Ultimately, our goal is to build AI systems that do what we want them to do. One way of decomposing this is first to define the behavior that we want from an AI system, and then to figure out how to obtain that behavior, which we might call the definition-optimization decomposition. Ambitious value learning aims to solve the definition subproblem. I interpret this post as proposing a different decomposition of the overall problem. One subproblem is how to build an AI system that is trying to do what we want, and the second subproblem is how to make the AI competent enough that it actually does what we want. I like this motivation-competence decomposition for a few reasons:
It isolates the major, urgent difficulty in a single subproblem. If we make an AI system that tries to do what we want, it could certainly make mistakes, but it seems much less likely to cause eg. human extinction. (Though it is certainly possible, for example by building an unaligned successor AI system, as mentioned in the post.) In contrast, with the definition-optimization decomposition, we need to solve both specification problems with the definition and robustness problems with the optimization.
Humans seem to solve the motivation subproblem, whereas humans don’t seem to solve either the definition or the optimization subproblems. I can definitely imagine a human legitimately trying to help me, whereas I can’t really imagine a human knowing how to derive optimal behavior for my goals, nor can I imagine a human that can actually perform the optimal behavior to achieve some arbitrary goal.
It is easier to apply to systems without much capability, though as the post notes, it probably still does need to have some level of capability. While a digit recognition system is useful, it doesn’t seem meaningful to talk about whether it is “trying” to help us.
Relatedly, the safety guarantees seem to degrade more slowly and smoothly. With definition-optimization, if you get the definition even slightly wrong, Goodhart’s Law suggests that you can get very bad outcomes. With motivation-competence, I’ve already argued that incompetence probably leads to small problems, not big ones, and slightly worse motivation might not make a huge difference because of something analogous to the basin of attraction around corrigibility. This depends a lot on what “slightly worse” means for motivation, but I’m optimistic.

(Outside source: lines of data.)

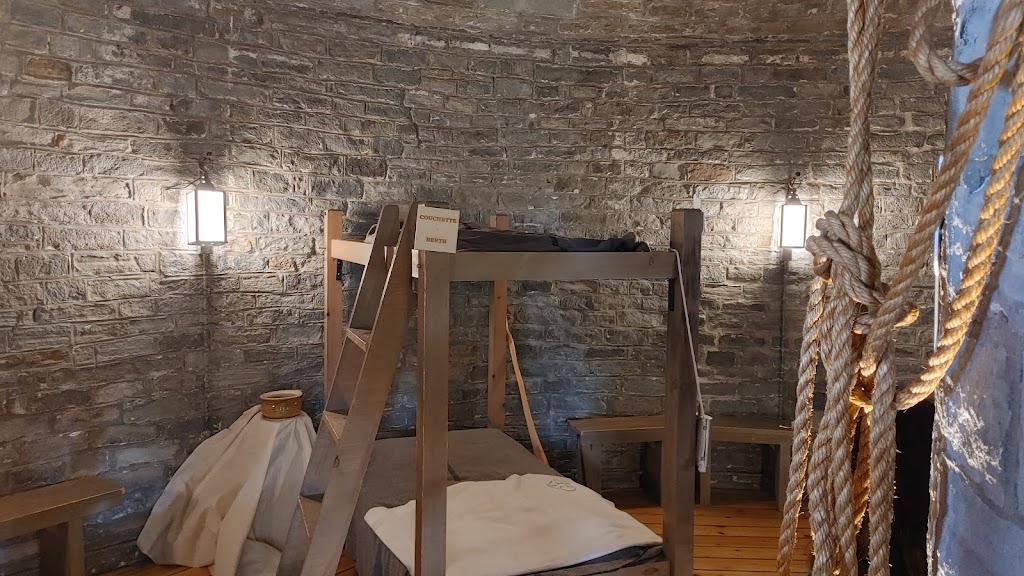 Martello Tower 1 | Quebec City, QC G1R 2L7, Canada | Phone: (418) 649-6157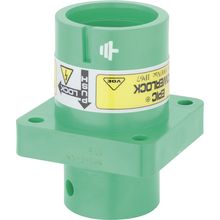 Conector EPIC POWERLOCK A6 C N BL BP M12  1 - 44420227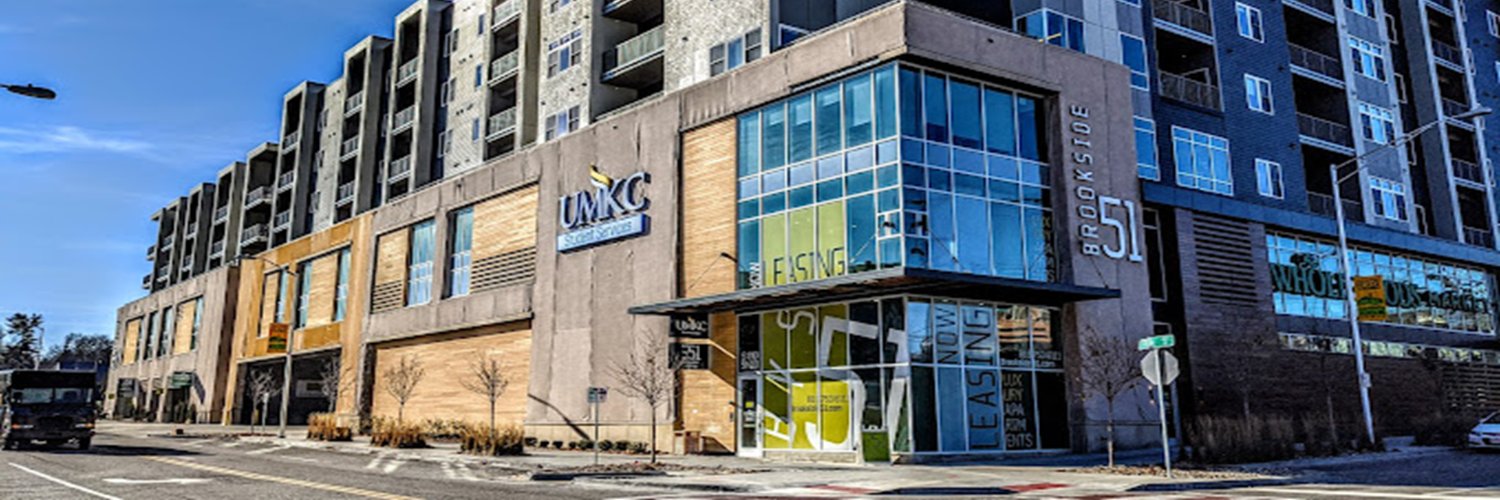 UMKC_Health's profile banner image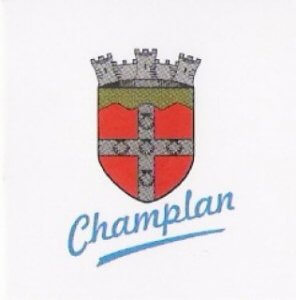 Logo Ville Champlan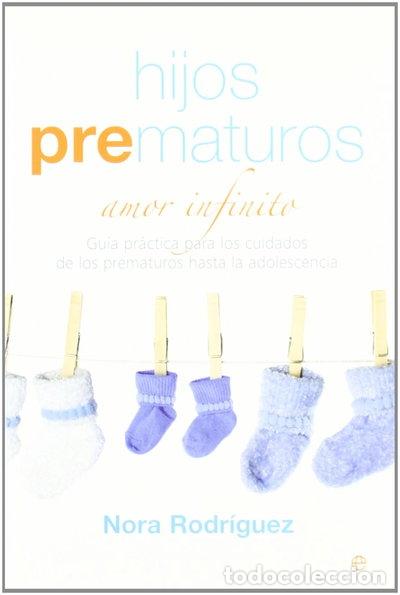 Libros: Hijos prematuros- 9788497347631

We’ve been working with the definition-optimization decomposition for quite some time now by modeling AI systems as expected utility maximizers, and we’ve found a lot of negative results and not very many positive ones.
The motivation-competence decomposition accommodates interaction between the AI system and humans, which definition-optimization does not allow (or at least, it makes it awkward to include such interaction).
The cons are:
It is imprecise and informal, whereas we can use the formalism of expected utility maximizers for the definition-optimization decomposition.
There hasn’t been much work done in this paradigm, so it is not obvious that there is progress to make.
I suspect many researchers would argue that any sufficiently intelligent system will be well-modeled as an expected utility maximizer and will have goals and preferences it is optimizing for, and as a result we need to deal with the problems of expected utility maximizers anyway. Personally, I do not find this argument compelling, and hope to write about why in the near future. ETA: Written up in the chapter on Goals vs Utility Functions in the Value Learning sequence, particularly in Coherence arguments do not imply goal-directed behavior.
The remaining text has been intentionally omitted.